*TASK MATERIAL*
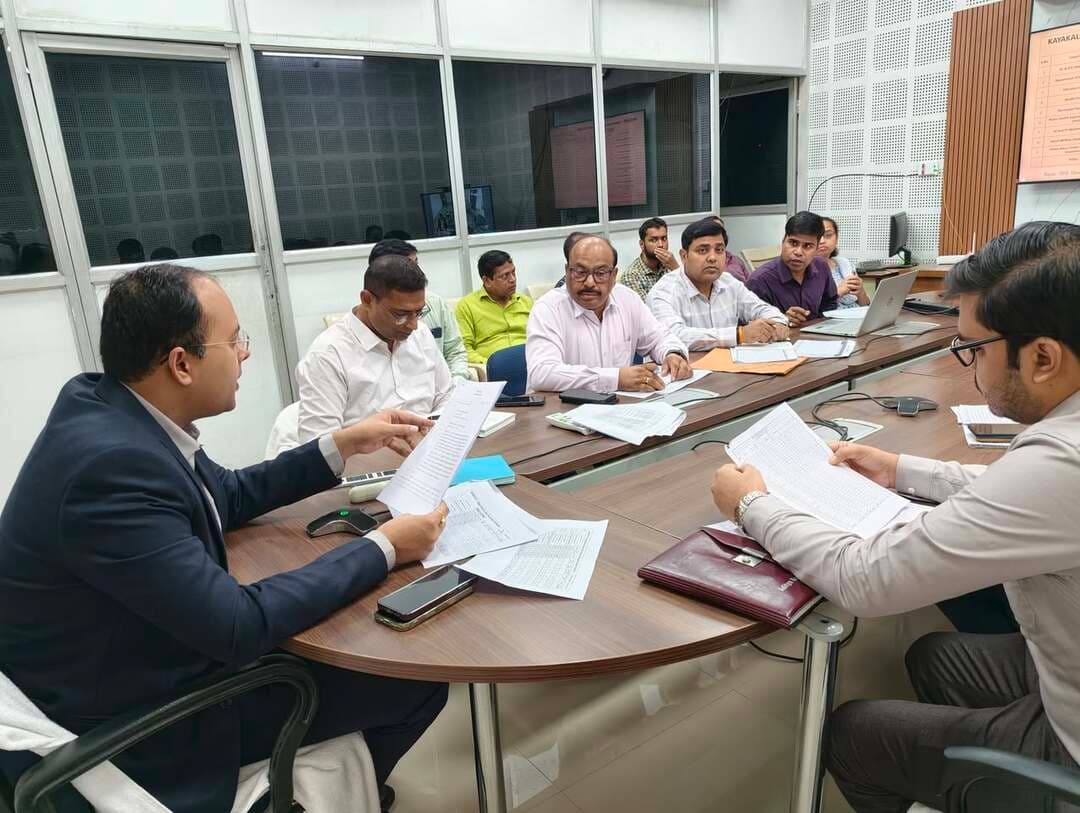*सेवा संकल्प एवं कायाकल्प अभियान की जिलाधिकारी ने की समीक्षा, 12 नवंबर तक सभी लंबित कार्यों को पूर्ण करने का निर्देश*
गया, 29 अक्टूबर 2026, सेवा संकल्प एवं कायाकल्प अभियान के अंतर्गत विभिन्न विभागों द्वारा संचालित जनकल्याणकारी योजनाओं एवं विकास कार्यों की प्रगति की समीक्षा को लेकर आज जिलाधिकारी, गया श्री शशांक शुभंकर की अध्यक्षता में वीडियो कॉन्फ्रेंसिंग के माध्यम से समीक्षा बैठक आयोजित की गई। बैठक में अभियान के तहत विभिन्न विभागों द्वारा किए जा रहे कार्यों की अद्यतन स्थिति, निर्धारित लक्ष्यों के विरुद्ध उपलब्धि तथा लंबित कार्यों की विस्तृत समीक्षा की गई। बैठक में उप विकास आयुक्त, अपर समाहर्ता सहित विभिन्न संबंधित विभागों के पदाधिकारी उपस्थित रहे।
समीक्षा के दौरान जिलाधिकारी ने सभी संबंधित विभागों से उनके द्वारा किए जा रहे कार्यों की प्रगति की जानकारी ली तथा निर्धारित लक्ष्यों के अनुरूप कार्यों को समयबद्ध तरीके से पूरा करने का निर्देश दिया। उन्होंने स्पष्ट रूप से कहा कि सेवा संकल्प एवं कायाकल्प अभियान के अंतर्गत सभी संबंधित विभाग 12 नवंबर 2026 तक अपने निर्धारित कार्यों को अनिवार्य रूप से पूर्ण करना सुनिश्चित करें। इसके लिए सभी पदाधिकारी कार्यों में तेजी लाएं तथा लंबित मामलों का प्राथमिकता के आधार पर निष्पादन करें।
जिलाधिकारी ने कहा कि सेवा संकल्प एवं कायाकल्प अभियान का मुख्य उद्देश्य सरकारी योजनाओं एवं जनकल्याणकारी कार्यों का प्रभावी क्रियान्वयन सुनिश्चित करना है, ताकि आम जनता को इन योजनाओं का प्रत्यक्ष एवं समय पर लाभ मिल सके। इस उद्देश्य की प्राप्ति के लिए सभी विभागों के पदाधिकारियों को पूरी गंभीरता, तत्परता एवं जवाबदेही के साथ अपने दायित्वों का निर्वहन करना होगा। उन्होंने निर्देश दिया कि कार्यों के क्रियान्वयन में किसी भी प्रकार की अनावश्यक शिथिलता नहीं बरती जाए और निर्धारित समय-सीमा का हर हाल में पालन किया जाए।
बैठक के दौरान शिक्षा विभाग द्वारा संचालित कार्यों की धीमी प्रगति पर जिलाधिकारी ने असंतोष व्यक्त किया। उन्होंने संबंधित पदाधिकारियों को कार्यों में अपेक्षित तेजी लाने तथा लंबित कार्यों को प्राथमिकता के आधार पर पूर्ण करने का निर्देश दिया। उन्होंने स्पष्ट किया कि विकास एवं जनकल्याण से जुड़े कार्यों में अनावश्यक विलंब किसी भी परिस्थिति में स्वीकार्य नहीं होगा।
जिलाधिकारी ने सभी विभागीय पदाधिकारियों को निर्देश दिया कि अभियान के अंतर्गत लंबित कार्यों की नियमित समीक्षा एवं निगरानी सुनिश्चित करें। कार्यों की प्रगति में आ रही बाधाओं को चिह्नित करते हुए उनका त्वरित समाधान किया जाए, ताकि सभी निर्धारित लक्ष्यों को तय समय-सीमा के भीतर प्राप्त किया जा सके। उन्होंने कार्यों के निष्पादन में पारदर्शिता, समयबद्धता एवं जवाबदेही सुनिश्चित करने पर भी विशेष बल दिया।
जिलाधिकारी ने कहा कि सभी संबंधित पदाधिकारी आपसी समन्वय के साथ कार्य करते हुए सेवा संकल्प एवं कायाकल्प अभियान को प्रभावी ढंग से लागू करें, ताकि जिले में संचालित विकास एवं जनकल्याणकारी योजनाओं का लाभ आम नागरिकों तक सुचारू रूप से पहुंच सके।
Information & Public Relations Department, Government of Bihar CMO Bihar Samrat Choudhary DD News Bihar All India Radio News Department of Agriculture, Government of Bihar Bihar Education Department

*PROBLEM*
Look through the material for "समयबद". Copy each line that has it.

*TASK RESPONSE*
समीक्षा के दौरान जिलाधिकारी ने सभी संबंधित विभागों से उनके द्वारा किए जा रहे कार्यों की प्रगति की जानकारी ली तथा निर्धारित लक्ष्यों के अनुरूप कार्यों को समयबद्ध तरीके से पूरा करने का निर्देश दिया। उन्होंने स्पष्ट रूप से कहा कि सेवा संकल्प एवं कायाकल्प अभियान के अंतर्गत सभी संबंधित विभाग 12 नवंबर 2026 तक अपने निर्धारित कार्यों को अनिवार्य रूप से पूर्ण करना सुनिश्चित करें। इसके लिए सभी पदाधिकारी कार्यों में तेजी लाएं तथा लंबित मामलों का प्राथमिकता के आधार पर निष्पादन करें।
जिलाधिकारी ने सभी विभागीय पदाधिकारियों को निर्देश दिया कि अभियान के अंतर्गत लंबित कार्यों की नियमित समीक्षा एवं निगरानी सुनिश्चित करें। कार्यों की प्रगति में आ रही बाधाओं को चिह्नित करते हुए उनका त्वरित समाधान किया जाए, ताकि सभी निर्धारित लक्ष्यों को तय समय-सीमा के भीतर प्राप्त किया जा सके। उन्होंने कार्यों के निष्पादन में पारदर्शिता, समयबद्धता एवं जवाबदेही सुनिश्चित करने पर भी विशेष बल दिया।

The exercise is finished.